Éric Girard, ministre des Finances du Québec, présentait le 25 mars dernier le troisième budget de son gouvernement. C’est certes dans un contexte bien particulier que nous avons entendu le ministre, tel un robot bien préparé, nous présenter les orientations financières de la prochaine année. Aucune surprise par contre: des miettes pour les personnes en situations de précarité, en même temps que des nuages très sombres à l’horizon.

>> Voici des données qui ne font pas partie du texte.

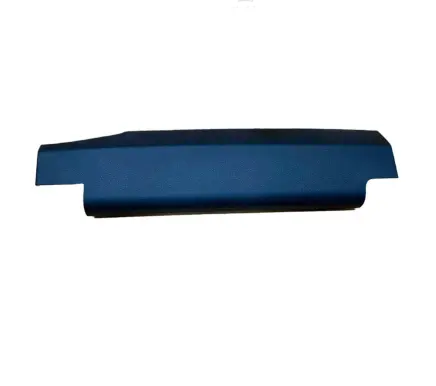 BMW 7 F01 F02 F03 F04 Seat trim 52106981778 6981778 60829010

Les seules mesures du budget qui auraient pu renforcer le filet social sont nettement insuffisantes ou bien totalement absentes:

  • Un méprisant 500 nouvelles unités de logements sociaux programmées de 2021 à 2027. En comparaison, la Ville de Québec, à elle seule, demandait 500 unités par année, et ce, pour les cinq prochaines années.

  • Un maigre 10,6 millions $ sont alloués à la rénovation des HLM pour tout le Québec. Rappelons que la Ville de Montréal, à elle seule, a besoin de 80 millions de dollars supplémentaires annuellement pour éviter de devoir barricader d’autres immeubles.

  • Une aide ponctuelle et non récurrente de 41,8 millions $ pour certaines initiatives des groupes d’action communautaire autonome. Le Réseau québécois de l’action communautaire autonome estime actuellement les besoins à 460 millions $.

  • 18,5 millions $ destinés à la bonification des prestations spéciales liées à la santé pour les personnes assistées sociales sur une période de cinq ans. Malheureusement pour les personnes à l’aide sociale, il s’agit seulement d’un rattrapage pour cause de non-indexation sur de nombreuses années.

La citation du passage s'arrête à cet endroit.